Of course we want to live a longer life. The concept is not either or, it’s that well-being is bigger than just survival. We don’t want to live just to be pulsing bags of meat. We live for a reason and asking your patient what those reasons are is important and they are different. One patient I write about said as long as I can watch football on TV and eat chocolate ice cream that would be good enough a life to keep me alive for. My father, on the other hand, said that’s not good enough for him. For him it was sitting at the family dinner table with family or friends, laughing and having a conversation and if he could have that it was an essential element of being alive.
I wrote the book Being Mortal because I found it hard to know what it meant to be competent, what it meant to be good as a doctor for people I could not fix. I think many times physicians become frustrated when people come to see them with problems that are terminal or may be because of old age and they say well I can’t fix that. But when you ask them instead what your fears are, what are your goals for the future, what are you willing to sacrifice, what are you not willing to sacrifice, what’s the minimum quality of life you would like—then you can bring medical capabilities to bear around helping people live, having a good day even when you can’t fix what they have, and that’s often missing. I’ve certainly seen that in India, where even basic pain control isn’t available.

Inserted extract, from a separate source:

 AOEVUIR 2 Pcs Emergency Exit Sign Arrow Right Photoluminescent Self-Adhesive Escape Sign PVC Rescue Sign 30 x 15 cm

Through my books, I have been lucky to reach both doctors and general people. Pressure from the general public to demand what quality of life means to them is a worthy thing to demand from the healthcare system. I think its part of training as well as part of policy. India’s financing of healthcare has been very limited and the ability to make people feel that they can afford to have basic care for pain, for suffering as well as for survival is important as India grows richer.
What are your views on euthanasia. It is a highly debated issue all over, especially in India at this point?

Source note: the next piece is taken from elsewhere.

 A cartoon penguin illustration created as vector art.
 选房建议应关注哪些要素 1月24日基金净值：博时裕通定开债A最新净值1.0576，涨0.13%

It’s disturbing to me. Our ultimate goal, after all, is not a good death but a good life all the way to the very end and I can see circumstances where there is such unavoidable suffering that, euthanasia is a point of discussion. But in India what I see is that there is huge amount of avoidable suffering where we are not providing for people who face the last phase of their life—just at a very basic level making sure that narcotic medication for people suffering from severe cancer pain or broken bones from broken hips and things like that. I don’t think we treat pain and take it seriously (in India).
I think the debate about assisted death is about less than 1% of the population but it’s 100% of the population who are not receiving significant support for the experiences they face at the end of their lives. The likelihood that you have pain, the likelihood that you have nausea, shortness of breath or periods of confusion have increased even in America in the last 15-20 years as we have medicalized mortality and we have to be willing to recognize it’s not just whether the disease is confined but its also the quality of life that people have, that we have to make sure we are serving.

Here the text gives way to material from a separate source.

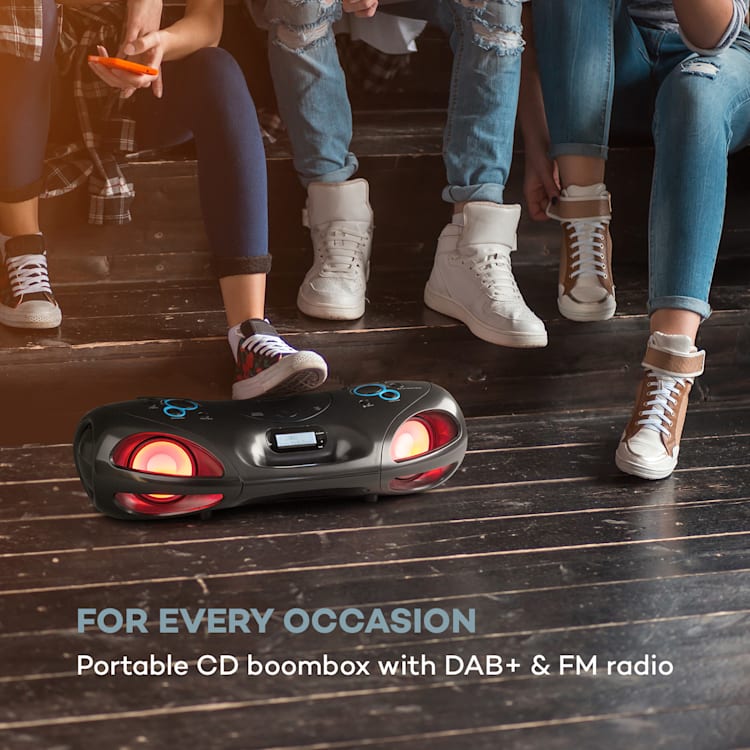 Spacewoofer DAB - Boombox, lettore CD, DAB+, FM, Bluetooth, telecomando, LED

You are juggling three roles of being a writer, professor and being a doctor? Which do you enjoy the most?
I feel like the most purposeful and meaningful thing that I will look back on is probably my writing but it’s rooted in getting to be part of taking care of people and getting to see peoples’ lives from that vantage point.
And doing public health research at work where we try to solve problems on a societal scale. So in each case you find all the complexities, all the frustrations and each time you think you have figured out the world you go face to face with a policy problem or trying to solve a patient’s problem. I can’t really separate all of them, they all come together though in the writing.